You want to castigate a child abuser, start with the ones who do it on a global scale and make mega bucks doing it. Arms dealers and manufacturers and their political lackeys are perverts of the highest magnitude and then there are the politicians and political systems which put profits before people – a perversion most people are happy to tolerate.
And changing the subject, how did Ernie manage to get his kids to undress? I can’t imagine for one moment my kids just stripping off if I told them to, let alone trying to undress them myself. Maybe he spoke fluent enough Korean to order them to do so but even then I would imagine you’d need to provide a motive and I’ve met few English teachers with such a capable command of Korean.
Ernie must have gone to school that day with both a prepaid passage to Japan and his letter of resignation and of course, knowing exactly what he was going to do.
I’ll frotage a few buttocks, stroke a couple of wieners, hand in my resignation, make a dash for Inchon and be in Tokyo in time for tea!
And he’s married with children? It’s probably true but fantastical enough to suspend any witch-hunt!
Being totally cool-headed and rational – it’s a pretty minor offense! If I had kids and I had to choose between one being squashed by a bus, blasted to pieces by a landmine, starving to death or being touched by Ernie…….well, only a fucking idiot would choose anything but the latter. Ernie’s fingers are definitely offensive but a far greater catalogue of atrocities exist and are endured by thousands of children every day – and most warrants not the slightest concern and can be intellectualised away via political and economic theories or simply deemed naive.
Hype aside, what remains to call for chemical castration, execution and all sorts of inquisition-style punishments are vague.

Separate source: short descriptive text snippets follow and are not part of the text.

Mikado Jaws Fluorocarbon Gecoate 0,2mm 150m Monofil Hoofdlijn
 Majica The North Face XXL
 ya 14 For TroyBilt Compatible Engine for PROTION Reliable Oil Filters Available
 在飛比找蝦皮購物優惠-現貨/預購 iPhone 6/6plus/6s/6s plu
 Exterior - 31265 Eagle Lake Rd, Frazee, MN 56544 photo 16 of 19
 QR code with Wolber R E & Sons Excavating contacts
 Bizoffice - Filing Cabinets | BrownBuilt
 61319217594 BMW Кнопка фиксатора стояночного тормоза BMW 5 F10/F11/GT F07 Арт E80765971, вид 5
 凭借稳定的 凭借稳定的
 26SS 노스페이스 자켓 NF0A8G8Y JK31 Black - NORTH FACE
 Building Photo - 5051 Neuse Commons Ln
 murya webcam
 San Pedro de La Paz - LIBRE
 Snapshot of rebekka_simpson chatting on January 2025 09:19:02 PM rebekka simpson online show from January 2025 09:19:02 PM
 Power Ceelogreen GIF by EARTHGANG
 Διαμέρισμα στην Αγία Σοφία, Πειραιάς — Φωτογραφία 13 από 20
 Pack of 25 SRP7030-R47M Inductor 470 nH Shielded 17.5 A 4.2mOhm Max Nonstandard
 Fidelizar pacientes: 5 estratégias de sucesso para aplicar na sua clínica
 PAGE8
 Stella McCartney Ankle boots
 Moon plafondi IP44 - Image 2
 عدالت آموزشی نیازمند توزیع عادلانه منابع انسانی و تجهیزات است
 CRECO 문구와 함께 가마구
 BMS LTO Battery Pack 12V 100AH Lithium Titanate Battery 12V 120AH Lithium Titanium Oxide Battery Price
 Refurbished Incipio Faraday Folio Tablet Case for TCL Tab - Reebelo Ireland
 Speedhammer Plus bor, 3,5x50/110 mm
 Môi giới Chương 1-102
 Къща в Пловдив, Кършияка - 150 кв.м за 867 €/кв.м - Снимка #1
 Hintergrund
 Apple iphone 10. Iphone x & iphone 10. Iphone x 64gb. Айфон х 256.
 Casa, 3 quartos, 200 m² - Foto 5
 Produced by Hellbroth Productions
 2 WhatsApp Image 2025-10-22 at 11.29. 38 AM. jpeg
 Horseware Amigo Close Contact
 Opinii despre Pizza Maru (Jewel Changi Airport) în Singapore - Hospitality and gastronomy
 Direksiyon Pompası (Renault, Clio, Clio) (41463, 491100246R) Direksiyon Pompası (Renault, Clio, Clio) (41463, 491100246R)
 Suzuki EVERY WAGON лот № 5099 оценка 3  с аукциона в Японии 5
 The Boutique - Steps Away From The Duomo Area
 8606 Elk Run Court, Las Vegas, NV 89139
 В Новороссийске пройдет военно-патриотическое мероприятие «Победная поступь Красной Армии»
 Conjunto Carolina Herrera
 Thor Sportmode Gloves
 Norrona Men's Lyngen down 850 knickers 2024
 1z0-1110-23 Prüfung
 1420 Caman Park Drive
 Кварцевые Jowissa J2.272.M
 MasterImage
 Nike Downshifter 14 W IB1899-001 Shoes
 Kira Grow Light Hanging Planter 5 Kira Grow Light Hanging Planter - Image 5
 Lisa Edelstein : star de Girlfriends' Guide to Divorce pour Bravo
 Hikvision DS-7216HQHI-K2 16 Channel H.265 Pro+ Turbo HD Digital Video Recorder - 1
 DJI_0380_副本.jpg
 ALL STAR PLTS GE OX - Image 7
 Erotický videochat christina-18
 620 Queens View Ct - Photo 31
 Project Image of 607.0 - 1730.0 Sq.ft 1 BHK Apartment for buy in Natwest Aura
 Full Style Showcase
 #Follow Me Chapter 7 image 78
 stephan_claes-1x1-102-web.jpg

The guy is possibly mad but in the small selection of emotive guff I’ve read, I’ve yet to see terms such as ‘mentally ill,’ or ‘crazy.’ Paedo crimes are currently of master label status and as such carry the verdict of guilty the moment even tainted by the label and sadly, even if subsequently proved innocent the association will remain. Shouldn’t such a predicament, comparative with other historical events, raise alarm bells?

Victim of a cluster bomb - a product of perversion and a contributing cause of around a million Iraqi deaths
I didn’t enjoy writing this post, ranting comes very easily to me and has probably lost me a number of friends and on this site I have a policy of avoiding blatant rants. The world is a depressingly sick place and our apathy contributes towards it. Paedo-paranoia is part of the bread and circuses hype which detract attention away from the real axes of evil!
Labour Party Turned a Blind Eye to Iraqi Casualties (Guardian UK. July 2010)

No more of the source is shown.